Question

The roots of the equation $ {x^2} - 3x - m\left( {m + 3} \right) = 0 $ , where m is a constant are
a. m, m+3
b. –m, m+3
c. m, -(m+3)
d. –m, -(m+3)

Answer 1

Hint:In this question consider the roots of the equation be $ \alpha $ and $ \beta $ , use the relationship between the sum of the roots and the coefficients of the quadratic equation that is sum of the roots is given as the ratio of the negative times the coefficient of x to the coefficient of x2 and the products of the roots with coefficients that is product of the roots is given as the ratio of the constant term to the coefficient of $ {x^2} $ . This will help approaching the problem.

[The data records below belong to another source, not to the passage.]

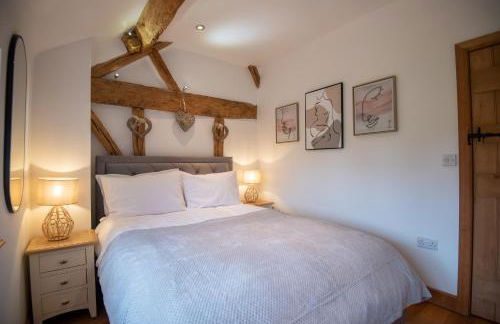 Bramble Cottage - Cosy 2 Bed With Deluxe HOT TUB & Log Burner - Photo 13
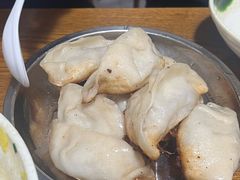 -黄阿姨锅贴大王(万航渡路店)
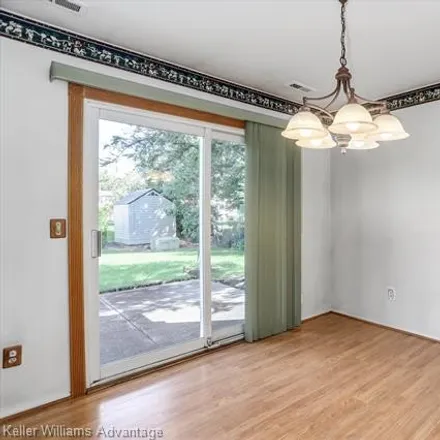 Image 6 - 1173 Meadowview Drive, Four Towns, Waterford Township, MI 48327, USA - House for sale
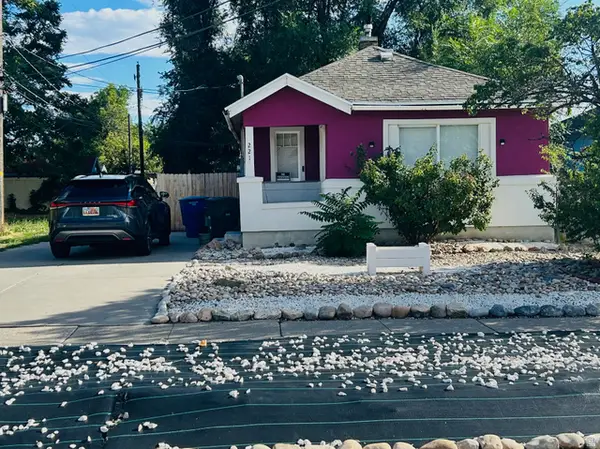 221 E 32nd St S, Ogden, UT 84401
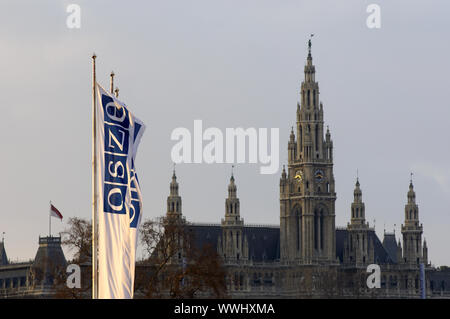 Drapeau de l'OSCE en face de l'Hôtel de ville de Vienne, Autriche Banque D'Images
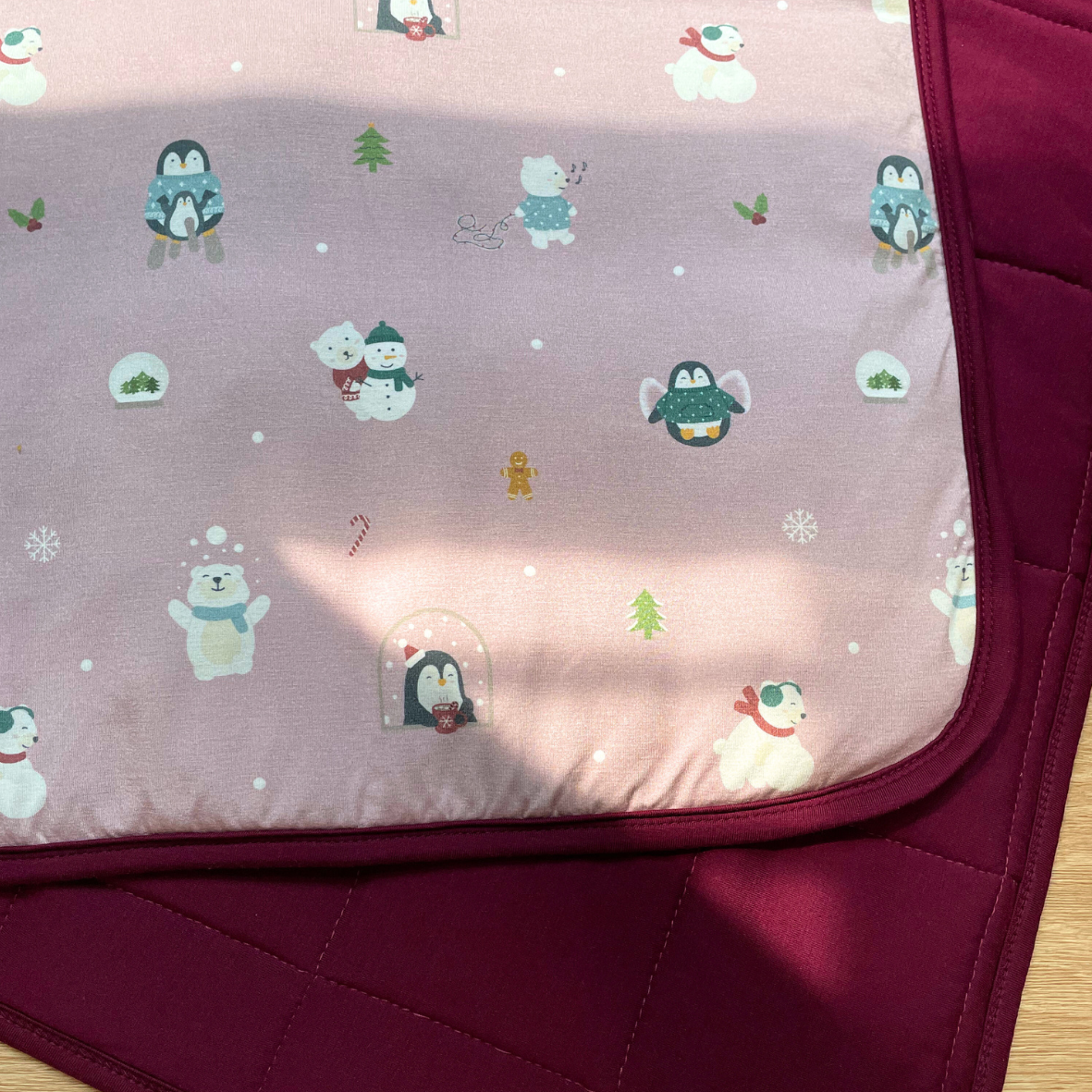 Petite Cosy Blanket - Love, Lights, & Cosy Nights (Maroon)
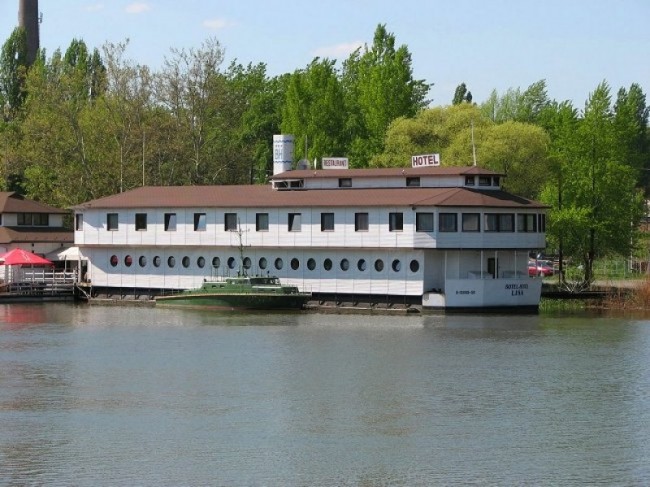 Botel Hotel Lisa*** (Szállodahajó), BUDAPEST (XXI. kerület)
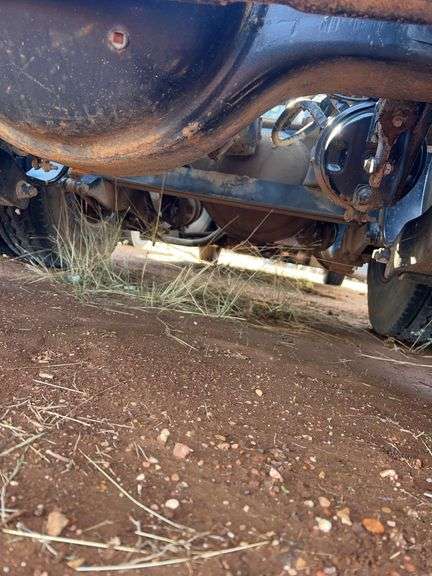 2015 Peterbilt 579 showing 424,747 mi, 22,986 hrs - runs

Complete step-by-step answer:
Given quadratic equation
 $ {x^2} - 3x - m\left( {m + 3} \right) = 0 $ .................... (1)
Where m is a constant.
Let the roots of this equation be $ \alpha $ and $ \beta $
Now as we know that in a quadratic equation the sum of the roots is given as the ratio of the negative times the coefficient of x to the coefficient of x2.
So the sum of the roots is $ \alpha + \beta = - \dfrac{{{\text{coefficient of }}x}}{{{\text{coefficient of }}{x^2}}} $
Now from equation (1) the coefficient of x is -3 and the coefficient of x2 is 1.
Therefore, $ \alpha + \beta = - \left( {\dfrac{{ - 3}}{1}} \right) = 3 $ ............................. (2)
Now as we know that in a quadratic equation the product of the roots is given as the ratio of the constant term to the coefficient of x2.
Now from equation (1) constant term is –m (m + 3) and the coefficient of x2 is 1.
So the product of the roots, $ \alpha \times \beta = \dfrac{{{\text{constant term}}}}{{{\text{coefficient of }}{x^2}}} $
Therefore, $ \alpha \times \beta = \dfrac{{ - m\left( {m + 3} \right)}}{1} = - m\left( {m + 3} \right) $ ............................. (3)
Now it is a known fact that $ {\left( {a - b} \right)^2} = {\left( {a + b} \right)^2} - 4ab $ so use this property we have,
 $ \Rightarrow {\left( {\alpha - \beta } \right)^2} = {\left( {\alpha + \beta } \right)^2} - 4\alpha \beta $
Now from equation (2) and (3) we have,
 $ \Rightarrow {\left( {\alpha - \beta } \right)^2} = {\left( 3 \right)^2} - 4\left[ { - m\left( {m + 3} \right)} \right] = 9 + 4m\left( {m + 3} \right) $
\[ \Rightarrow {\left( {\alpha - \beta } \right)^2} = 4{m^2} + 12m + 9 = {\left( {2m + 3} \right)^2}\]
Now take square root on both sides we have,
\[ \Rightarrow \left( {\alpha - \beta } \right) = \sqrt {{{\left( {2m + 3} \right)}^2}} = \pm \left( {2m + 3} \right)\]
Now when, \[\left( {\alpha - \beta } \right) = \left( {2m + 3} \right)\]............................... (4)
Now add equation (2) and (4) we have,
 $ \Rightarrow \left( {\alpha + \beta + \alpha - \beta } \right) = 3 + \left( {2m + 3} \right) $
 $ \Rightarrow 2\alpha = 2m + 6 $
 $ \Rightarrow \alpha = m + 3 $
Now from equation (2) we have,
 $ \Rightarrow m + 3 + \beta = 3 $
 $ \Rightarrow \beta = - m $
So the roots of the quadratic equation is (m + 3, -m)
Now when, \[\left( {\alpha - \beta } \right) = - \left( {2m + 3} \right)\].................. (5)
Now add equation (2) and (5) we have,
 $ \Rightarrow \left( {\alpha + \beta + \alpha - \beta } \right) = 3 - \left( {2m + 3} \right) $
 $ \Rightarrow 2\alpha = - 2m $
 $ \Rightarrow \alpha = - m $
Now from equation (2) we have,
 $ \Rightarrow - m + \beta = 3 $
 $ \Rightarrow \beta = m + 3 $
So the roots of the quadratic equation is (-m, m + 3)
So this is the required answer.
Hence option (B) is the correct answer.

Note: There can be another method to solve this problem that is using Dharacharya formula, for any general quadratic equation of the form $ a{x^2} + bx + c = 0 $ the roots can be given as $ \bar x = \dfrac{{ - b \pm \sqrt {{b^2} - 4ac} }}{{2a}} $ . This gives two roots that is one by considering the positive sign and other by considering the negative sign. Substitution of direct value in this will help finding the roots.